I use my own-coded ffmpeg based video player and since video color spaces are a gigantic mess, I don't use the vulkan hardware for that, but convert via ffmpeg the video color space directly to my vulkan framebuffer color space. Still, I would use the vulkan 2D scaler with filtering.

crazygringo · on April 17, 2023

This is a great article, not only in explaining a lot of aspects of color spaces, but also highlighting just how maddening it is to use tools that deal with color spaces, because every tool has all sorts of silent defaults and assumptions that are always different/incompatible with another tool. It's maddening.

And it's only getting worse now with HDR (high dynamic range) content, as opposed to regular SDR (standard dynamic range). Fun fact: on a Mac at least, if you have the same content (hit TV show or movie) in SDR (usually 8-bit 1080p) and HDR (usually 10-bit 4K), there is no video player that will play the HDR version in a way that matches the SDR version. They range from unwatchable (VLC plays HDR content impossibly dark) to watchable-but-still-darker (Infuse) to weird (IINA is normal brightness but the colors have weird tint/saturation).

How HDR is defined in theory sounds reasonable but is disastrous in practice. While SDR just maps brightness to whatever your display is (from 0 to 255), HDR maps actual real-life brightness from pitch black to the brightest sun (from 0 to 1024). So the idea is that if you shoot outdoors on the brightest day, a hypothetical screen someday should be able to display it equally bright.

Now this is disastrous in practice from a creative standpoint because if you're watching a movie, cutting from a dark indoor nighttime bedroom scene to a sunny outdoor party scene is going to hurt your eyes. It's too jarring. Movies and TV generally don't want a real-life range of brightness. Not to mention, of course, that we don't have display technologies that can achieve it anyways, or even anything close to it.

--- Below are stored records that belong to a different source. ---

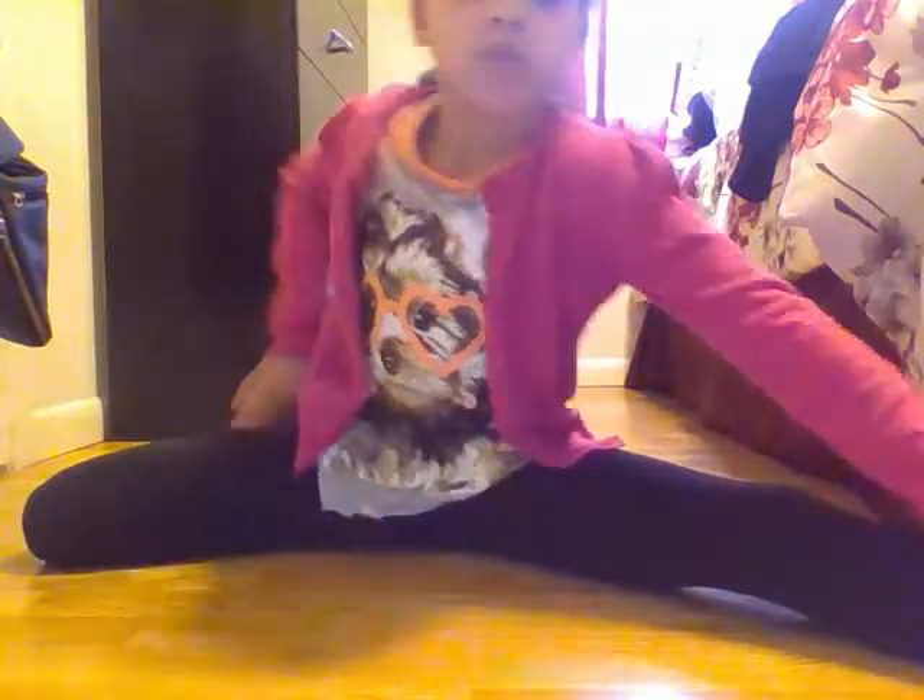So yeah, I'm putting a little bit of music on. You're just going to hold this for as long as possible, as long as you can.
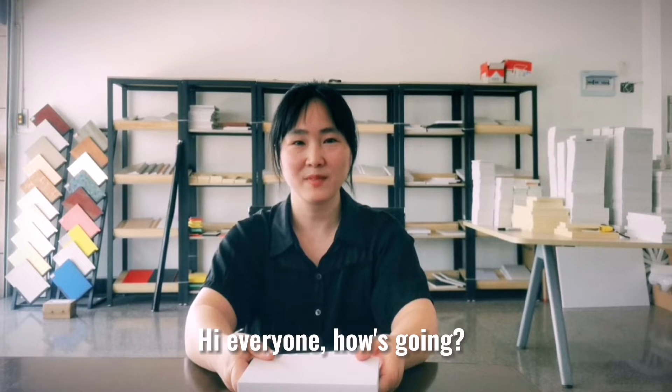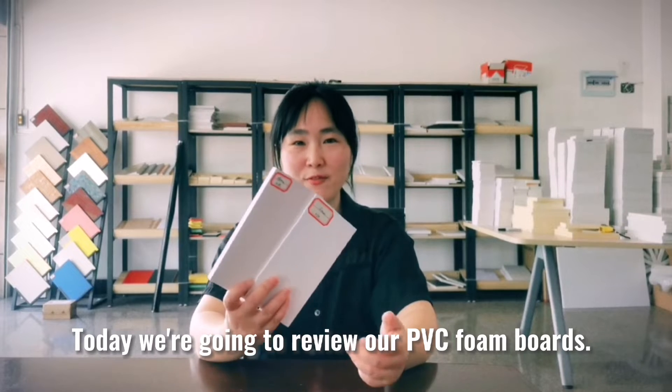Hi everyone, how is it going? Hope you are well. Today we are going to review our PVC foam boards.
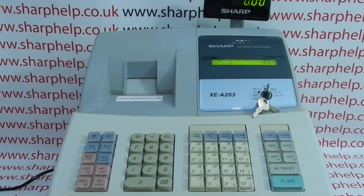Then sign in as one of the operators — operator 1 and then CLK hash — and that's logged me in so that operator can now use the register and process sales.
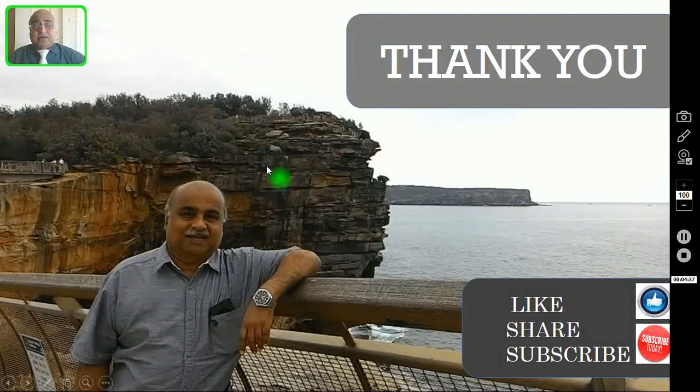Thank you very much for watching this video. If you think these videos are very useful, kindly subscribe to this channel and share these videos on your social media. Thank you once again. Let us meet in another video.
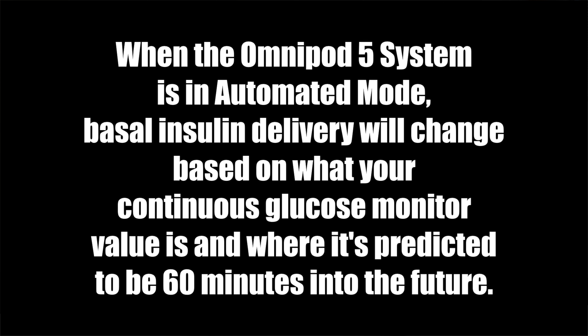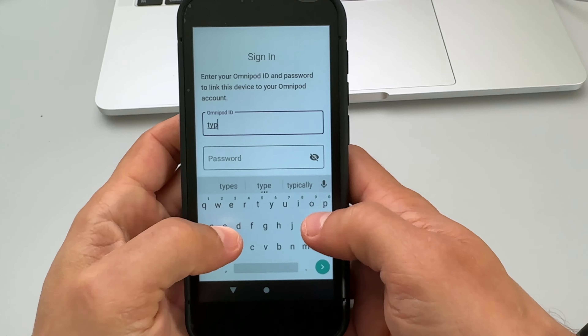I just got the Omnipod 5 starter kit sent to me and there is only one thing left to do — put the device on. I'm a little bit nervous because I've never used a tubeless insulin pump system, and I understand if you are too if you're putting this on for the first time. I'm going to try to take you through everything step by step.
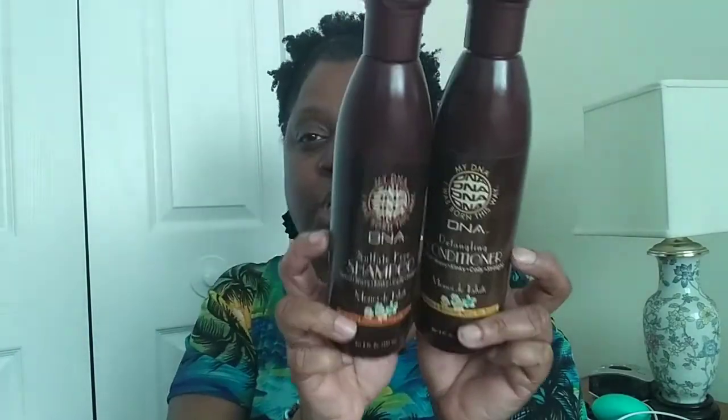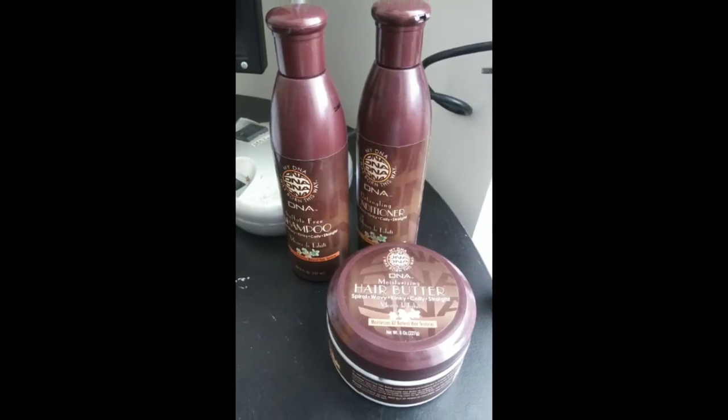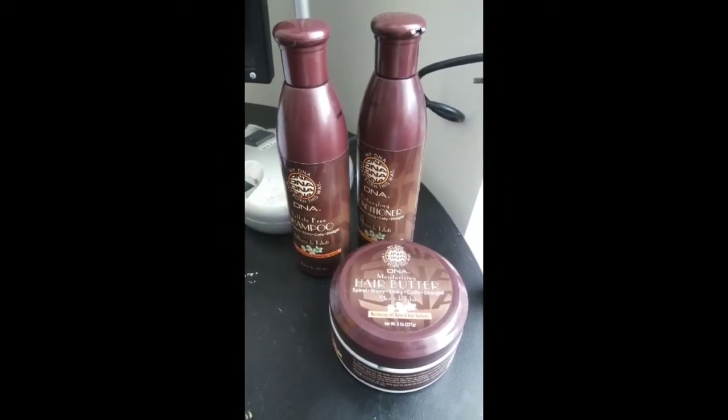Moving right along — the products I'm going to review today are the myDNA shampoo, conditioner, and hair butter.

So what are TV shows and movies doing? As far as I can tell, they're essentially filming and color-correcting in SDR as they've always done, and then using some totally arbitrary formula to convert that to HDR for HDR mastering. Bright sunlight scenes are never encoded as actual sunlight brightness (thank god), the relative difference between a nighttime bedroom scene and a bright outdoor scene in HDR is the same as it is in SDR (again, thank god). The only HDR "special features" seem to be that things like VFX lightsabers, explosions, sparks, and so forth get extra-boosted brightness in HDR.

Now back to the video players on Macs: because there is no official recommendation of how to translate HDR to real screens that have traditionally only shown SDR content (e.g. a Macbook display), they all do it differently. Which sucks. Not only are they all playing HDR content badly, there isn't even a right way to do it. We're lost in the desert.

What's the solution? Somebody needs to contact Hollywood to figure out what the de-facto translation is that they're using when they release SDR and HDR versions of the same content, and then just run the formula backwards so playing my TV show that's HDR-mastered looks identical to the SDR source they also put out. (At least for regular scenes, both nighttime bedroom and outdoor party. The VFX things like lightsabers and explosions might get washed out to bright white but that's far preferable to the other 99% of the content being too dark.)